◆ ABOUT THIS EXERCISE ◆
The line containing "勒芒Majestueux Bouquet的一间卧室，里面有一张床和一扇窗户。" marks the start; return it and every line after it in the listing below, exactly, through the last.

┌────────

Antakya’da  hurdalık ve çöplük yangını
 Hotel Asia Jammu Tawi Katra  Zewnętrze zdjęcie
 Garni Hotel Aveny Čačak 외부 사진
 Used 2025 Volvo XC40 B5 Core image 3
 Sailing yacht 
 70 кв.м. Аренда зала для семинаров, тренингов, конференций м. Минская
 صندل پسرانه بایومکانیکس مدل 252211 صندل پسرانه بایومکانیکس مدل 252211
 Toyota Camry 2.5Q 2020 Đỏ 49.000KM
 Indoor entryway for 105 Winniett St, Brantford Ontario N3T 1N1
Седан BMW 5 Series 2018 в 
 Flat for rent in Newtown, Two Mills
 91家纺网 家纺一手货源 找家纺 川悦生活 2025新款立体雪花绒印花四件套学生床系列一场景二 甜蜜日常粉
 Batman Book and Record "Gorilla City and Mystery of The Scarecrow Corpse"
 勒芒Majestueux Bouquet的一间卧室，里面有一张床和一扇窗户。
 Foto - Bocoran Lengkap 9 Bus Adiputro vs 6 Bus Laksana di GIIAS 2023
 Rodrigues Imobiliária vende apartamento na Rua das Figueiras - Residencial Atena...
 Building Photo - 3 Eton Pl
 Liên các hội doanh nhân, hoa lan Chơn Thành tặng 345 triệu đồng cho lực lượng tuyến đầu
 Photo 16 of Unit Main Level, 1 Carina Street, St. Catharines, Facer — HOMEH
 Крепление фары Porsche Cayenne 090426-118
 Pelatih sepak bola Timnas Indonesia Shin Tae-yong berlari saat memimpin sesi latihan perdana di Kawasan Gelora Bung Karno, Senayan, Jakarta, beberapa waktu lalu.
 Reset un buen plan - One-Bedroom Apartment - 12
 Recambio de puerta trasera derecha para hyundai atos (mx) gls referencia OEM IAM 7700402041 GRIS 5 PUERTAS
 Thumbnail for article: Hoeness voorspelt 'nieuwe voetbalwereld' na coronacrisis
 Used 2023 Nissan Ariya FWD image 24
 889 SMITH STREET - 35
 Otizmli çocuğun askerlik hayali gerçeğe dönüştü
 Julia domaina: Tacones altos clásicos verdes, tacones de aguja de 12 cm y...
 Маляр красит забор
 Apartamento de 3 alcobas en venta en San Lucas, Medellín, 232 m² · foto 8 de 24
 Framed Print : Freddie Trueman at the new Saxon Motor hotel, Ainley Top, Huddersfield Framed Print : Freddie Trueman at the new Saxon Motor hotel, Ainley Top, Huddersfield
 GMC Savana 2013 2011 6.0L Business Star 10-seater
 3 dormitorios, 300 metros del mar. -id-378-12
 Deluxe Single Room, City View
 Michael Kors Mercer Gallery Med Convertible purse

└────────

◆ YOUR SOLUTION ◆
 勒芒Majestueux Bouquet的一间卧室，里面有一张床和一扇窗户。
 Foto - Bocoran Lengkap 9 Bus Adiputro vs 6 Bus Laksana di GIIAS 2023
 Rodrigues Imobiliária vende apartamento na Rua das Figueiras - Residencial Atena...
 Building Photo - 3 Eton Pl
 Liên các hội doanh nhân, hoa lan Chơn Thành tặng 345 triệu đồng cho lực lượng tuyến đầu
 Photo 16 of Unit Main Level, 1 Carina Street, St. Catharines, Facer — HOMEH
 Крепление фары Porsche Cayenne 090426-118
 Pelatih sepak bola Timnas Indonesia Shin Tae-yong berlari saat memimpin sesi latihan perdana di Kawasan Gelora Bung Karno, Senayan, Jakarta, beberapa waktu lalu.
 Reset un buen plan - One-Bedroom Apartment - 12
 Recambio de puerta trasera derecha para hyundai atos (mx) gls referencia OEM IAM 7700402041 GRIS 5 PUERTAS
 Thumbnail for article: Hoeness voorspelt 'nieuwe voetbalwereld' na coronacrisis
 Used 2023 Nissan Ariya FWD image 24
 889 SMITH STREET - 35
 Otizmli çocuğun askerlik hayali gerçeğe dönüştü
 Julia domaina: Tacones altos clásicos verdes, tacones de aguja de 12 cm y...
 Маляр красит забор
 Apartamento de 3 alcobas en venta en San Lucas, Medellín, 232 m² · foto 8 de 24
 Framed Print : Freddie Trueman at the new Saxon Motor hotel, Ainley Top, Huddersfield Framed Print : Freddie Trueman at the new Saxon Motor hotel, Ainley Top, Huddersfield
 GMC Savana 2013 2011 6.0L Business Star 10-seater
 3 dormitorios, 300 metros del mar. -id-378-12
 Deluxe Single Room, City View
 Michael Kors Mercer Gallery Med Convertible purse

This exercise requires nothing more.